Azure functions Key Vault

3
votes

As I understand, so long as I setup grants to KeyVault, my function should be able to read from it by using

@Microsoft.KeyVault(SecretUri=MYSECRETFULLURL), and I assume this would be transformed at run-time?

Any idea how I would debug this?

Currently, as thats getting to my function, is the above, with nothing transformed.

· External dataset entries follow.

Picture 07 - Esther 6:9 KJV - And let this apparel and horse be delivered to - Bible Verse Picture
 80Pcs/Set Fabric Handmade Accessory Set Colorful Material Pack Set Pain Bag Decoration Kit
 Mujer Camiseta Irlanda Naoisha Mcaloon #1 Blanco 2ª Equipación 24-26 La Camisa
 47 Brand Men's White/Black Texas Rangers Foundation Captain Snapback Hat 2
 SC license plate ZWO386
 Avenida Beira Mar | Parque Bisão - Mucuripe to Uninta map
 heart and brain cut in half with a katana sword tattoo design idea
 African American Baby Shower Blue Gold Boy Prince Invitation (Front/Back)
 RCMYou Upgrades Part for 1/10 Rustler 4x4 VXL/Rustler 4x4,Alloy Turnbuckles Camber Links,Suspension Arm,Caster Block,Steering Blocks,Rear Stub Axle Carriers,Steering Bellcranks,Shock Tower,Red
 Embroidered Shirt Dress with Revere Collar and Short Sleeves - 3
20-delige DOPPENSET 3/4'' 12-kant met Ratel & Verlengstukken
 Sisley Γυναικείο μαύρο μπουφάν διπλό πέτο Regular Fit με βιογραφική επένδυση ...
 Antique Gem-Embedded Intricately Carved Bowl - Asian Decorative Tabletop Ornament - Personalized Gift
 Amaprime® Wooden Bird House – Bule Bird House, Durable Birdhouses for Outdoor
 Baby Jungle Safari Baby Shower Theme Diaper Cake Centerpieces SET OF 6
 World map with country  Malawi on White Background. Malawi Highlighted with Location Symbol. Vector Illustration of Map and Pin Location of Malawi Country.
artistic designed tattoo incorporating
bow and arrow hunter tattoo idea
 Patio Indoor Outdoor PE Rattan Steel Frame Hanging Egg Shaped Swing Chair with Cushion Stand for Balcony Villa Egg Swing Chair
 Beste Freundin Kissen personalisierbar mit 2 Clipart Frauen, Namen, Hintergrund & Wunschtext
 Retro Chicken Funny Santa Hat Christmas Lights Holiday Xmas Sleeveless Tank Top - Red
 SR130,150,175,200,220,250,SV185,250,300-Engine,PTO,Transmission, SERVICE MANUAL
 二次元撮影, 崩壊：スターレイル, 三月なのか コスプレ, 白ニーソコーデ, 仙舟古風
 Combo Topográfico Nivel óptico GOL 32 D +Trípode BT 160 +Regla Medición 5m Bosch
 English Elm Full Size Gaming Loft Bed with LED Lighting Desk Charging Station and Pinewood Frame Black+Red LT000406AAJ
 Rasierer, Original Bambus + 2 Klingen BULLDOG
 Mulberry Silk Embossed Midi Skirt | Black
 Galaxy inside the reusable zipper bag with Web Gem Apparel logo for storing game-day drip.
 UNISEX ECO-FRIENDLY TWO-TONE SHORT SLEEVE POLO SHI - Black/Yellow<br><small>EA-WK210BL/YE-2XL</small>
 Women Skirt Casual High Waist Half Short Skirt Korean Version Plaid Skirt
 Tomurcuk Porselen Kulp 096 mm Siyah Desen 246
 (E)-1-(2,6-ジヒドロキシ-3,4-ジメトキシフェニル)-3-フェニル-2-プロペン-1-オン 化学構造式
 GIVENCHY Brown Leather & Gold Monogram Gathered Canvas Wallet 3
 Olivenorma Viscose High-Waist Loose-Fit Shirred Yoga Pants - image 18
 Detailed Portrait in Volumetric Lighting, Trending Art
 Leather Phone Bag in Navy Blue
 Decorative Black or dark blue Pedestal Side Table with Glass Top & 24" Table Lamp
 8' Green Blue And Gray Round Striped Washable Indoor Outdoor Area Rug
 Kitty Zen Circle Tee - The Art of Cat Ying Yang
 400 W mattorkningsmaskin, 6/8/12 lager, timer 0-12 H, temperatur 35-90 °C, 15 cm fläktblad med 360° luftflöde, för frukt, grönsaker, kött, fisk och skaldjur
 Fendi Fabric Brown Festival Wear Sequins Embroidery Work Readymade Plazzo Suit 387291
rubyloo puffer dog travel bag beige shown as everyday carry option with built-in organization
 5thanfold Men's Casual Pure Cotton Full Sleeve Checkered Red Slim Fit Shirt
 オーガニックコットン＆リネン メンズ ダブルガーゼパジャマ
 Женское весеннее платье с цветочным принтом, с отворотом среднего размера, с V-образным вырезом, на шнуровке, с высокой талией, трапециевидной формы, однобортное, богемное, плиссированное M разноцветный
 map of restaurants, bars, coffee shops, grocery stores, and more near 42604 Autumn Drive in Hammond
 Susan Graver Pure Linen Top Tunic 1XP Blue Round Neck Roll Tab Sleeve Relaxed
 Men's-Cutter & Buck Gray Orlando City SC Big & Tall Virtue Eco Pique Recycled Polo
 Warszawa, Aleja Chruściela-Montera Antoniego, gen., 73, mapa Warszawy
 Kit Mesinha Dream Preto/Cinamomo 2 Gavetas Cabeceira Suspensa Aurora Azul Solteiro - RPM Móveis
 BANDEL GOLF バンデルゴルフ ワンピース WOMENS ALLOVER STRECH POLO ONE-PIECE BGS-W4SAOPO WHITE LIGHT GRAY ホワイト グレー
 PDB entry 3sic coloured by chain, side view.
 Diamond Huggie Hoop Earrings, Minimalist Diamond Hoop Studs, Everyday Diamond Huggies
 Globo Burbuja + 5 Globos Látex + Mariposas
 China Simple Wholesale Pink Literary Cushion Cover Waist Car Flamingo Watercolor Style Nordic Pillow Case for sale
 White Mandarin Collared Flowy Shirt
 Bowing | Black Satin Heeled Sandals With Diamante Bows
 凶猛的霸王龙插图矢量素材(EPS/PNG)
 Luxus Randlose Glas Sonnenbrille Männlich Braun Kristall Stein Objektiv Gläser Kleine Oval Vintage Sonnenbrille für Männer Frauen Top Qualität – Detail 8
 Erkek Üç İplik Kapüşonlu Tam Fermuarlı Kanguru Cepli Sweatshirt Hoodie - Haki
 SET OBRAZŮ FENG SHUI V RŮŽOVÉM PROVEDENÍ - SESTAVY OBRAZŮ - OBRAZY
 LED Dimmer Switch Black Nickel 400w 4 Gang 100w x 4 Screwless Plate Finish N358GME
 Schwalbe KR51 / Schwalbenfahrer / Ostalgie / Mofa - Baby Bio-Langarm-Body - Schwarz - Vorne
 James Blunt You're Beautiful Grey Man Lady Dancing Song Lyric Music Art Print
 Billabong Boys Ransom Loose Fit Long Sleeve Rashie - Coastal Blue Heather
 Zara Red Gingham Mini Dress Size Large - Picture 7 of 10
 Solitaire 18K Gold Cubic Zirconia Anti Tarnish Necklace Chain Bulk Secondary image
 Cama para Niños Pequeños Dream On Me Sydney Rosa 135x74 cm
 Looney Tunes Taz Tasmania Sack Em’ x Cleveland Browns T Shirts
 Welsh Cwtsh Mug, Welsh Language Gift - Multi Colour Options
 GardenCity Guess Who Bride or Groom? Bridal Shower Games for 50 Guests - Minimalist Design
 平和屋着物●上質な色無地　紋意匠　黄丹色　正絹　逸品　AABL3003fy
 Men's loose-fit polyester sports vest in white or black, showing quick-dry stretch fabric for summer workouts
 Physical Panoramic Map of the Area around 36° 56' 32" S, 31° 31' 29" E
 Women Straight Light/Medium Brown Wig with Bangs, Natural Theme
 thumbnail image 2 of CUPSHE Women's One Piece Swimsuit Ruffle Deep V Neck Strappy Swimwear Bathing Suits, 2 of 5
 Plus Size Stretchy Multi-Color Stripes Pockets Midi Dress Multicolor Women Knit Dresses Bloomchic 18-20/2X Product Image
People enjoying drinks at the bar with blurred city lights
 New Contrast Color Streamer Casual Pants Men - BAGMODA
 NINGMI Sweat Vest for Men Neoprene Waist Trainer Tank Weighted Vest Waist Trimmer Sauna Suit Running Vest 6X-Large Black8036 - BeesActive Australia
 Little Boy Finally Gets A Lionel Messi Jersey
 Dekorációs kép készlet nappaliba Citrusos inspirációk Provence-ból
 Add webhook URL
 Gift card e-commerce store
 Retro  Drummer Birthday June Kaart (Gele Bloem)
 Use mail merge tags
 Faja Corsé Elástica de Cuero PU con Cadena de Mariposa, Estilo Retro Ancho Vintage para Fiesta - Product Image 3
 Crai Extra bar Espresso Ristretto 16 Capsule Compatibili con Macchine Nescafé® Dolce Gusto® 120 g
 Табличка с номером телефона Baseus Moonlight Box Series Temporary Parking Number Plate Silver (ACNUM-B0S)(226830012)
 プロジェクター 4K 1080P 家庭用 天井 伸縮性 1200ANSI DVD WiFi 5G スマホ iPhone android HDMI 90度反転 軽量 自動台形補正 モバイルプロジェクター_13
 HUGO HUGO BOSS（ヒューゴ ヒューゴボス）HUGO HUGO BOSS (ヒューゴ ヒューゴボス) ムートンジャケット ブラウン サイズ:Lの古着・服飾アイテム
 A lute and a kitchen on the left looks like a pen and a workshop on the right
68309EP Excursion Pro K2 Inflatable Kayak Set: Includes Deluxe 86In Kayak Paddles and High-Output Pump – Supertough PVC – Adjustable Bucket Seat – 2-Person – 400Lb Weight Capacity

Running as system-managed.

If I debug, this is all I get:

enter image description here

However I can see my audit on azure key vault its being hit. enter image description here

 public static async Task<IActionResult> Run(
            [HttpTrigger(AuthorizationLevel.Function, "post", Route = null)] HttpRequest req,
            ILogger log)
        {
            var accountToMoveFrom = System.Environment.GetEnvironmentVariable("accountToMonitor");
            log.LogCritical(accountToMoveFrom);
            var accessToken = System.Environment.GetEnvironmentVariable("accessToken");

}
1
azureazure-functionsazure-keyvault

1 Answers

2
votes

Adding the final resolution:

Make sure you do not have the "authorized application" or applicationId settings configured.

From the documentation

Create an access policy in Key Vault for the application identity you created earlier. Enable the "Get" secret permission on this policy. Do not configure the "authorized application" or applicationId settings, as this is not compatible with a managed identity.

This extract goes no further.